ASSIGNED TASK => This exercise calls for every line of the data below with the string "Последние" in it.

* * * *

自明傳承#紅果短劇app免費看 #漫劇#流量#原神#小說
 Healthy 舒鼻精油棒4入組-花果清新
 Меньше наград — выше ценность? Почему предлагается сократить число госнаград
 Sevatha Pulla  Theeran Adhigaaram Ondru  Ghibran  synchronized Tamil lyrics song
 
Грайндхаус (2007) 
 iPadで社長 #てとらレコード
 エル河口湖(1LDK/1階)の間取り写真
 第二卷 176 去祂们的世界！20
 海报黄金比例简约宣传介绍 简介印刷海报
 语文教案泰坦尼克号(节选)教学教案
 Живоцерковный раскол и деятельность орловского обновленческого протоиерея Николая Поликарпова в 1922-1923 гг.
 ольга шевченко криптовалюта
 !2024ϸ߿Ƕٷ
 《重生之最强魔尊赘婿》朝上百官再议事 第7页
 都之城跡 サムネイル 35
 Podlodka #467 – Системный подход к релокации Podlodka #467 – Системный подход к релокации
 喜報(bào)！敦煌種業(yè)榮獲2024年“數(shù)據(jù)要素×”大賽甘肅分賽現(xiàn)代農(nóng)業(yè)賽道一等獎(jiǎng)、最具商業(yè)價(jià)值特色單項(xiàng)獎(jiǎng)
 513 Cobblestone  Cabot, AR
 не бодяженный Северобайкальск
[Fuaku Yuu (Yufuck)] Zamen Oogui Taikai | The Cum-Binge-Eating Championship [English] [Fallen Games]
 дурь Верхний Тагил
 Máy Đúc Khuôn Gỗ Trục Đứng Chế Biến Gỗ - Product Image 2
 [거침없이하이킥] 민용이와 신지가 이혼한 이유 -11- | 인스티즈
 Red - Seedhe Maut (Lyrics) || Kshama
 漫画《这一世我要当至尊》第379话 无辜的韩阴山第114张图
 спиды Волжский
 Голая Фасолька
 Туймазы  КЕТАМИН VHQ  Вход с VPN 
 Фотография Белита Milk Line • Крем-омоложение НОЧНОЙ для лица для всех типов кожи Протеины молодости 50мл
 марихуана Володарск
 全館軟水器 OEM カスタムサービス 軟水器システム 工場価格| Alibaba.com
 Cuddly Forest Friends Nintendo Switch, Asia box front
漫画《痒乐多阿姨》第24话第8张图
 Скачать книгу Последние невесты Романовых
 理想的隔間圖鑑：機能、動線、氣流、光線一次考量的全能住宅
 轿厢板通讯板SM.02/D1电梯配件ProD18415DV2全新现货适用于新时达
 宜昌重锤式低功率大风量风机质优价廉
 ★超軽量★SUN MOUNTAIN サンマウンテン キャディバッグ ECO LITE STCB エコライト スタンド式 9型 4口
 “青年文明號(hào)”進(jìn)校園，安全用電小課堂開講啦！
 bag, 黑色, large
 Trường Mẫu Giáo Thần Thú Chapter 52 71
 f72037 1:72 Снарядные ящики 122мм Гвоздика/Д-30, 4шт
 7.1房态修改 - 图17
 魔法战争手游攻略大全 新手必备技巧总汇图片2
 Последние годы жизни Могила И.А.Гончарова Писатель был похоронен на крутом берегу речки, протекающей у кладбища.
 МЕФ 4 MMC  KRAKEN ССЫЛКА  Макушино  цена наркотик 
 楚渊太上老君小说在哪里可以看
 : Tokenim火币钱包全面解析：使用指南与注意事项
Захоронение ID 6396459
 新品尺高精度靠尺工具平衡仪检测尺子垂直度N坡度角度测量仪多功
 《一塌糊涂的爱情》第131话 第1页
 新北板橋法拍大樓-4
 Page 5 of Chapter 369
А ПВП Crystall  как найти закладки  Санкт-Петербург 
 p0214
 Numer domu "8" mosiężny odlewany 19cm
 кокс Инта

* * * *

REPLY =>
 Скачать книгу Последние невесты Романовых
 Последние годы жизни Могила И.А.Гончарова Писатель был похоронен на крутом берегу речки, протекающей у кладбища.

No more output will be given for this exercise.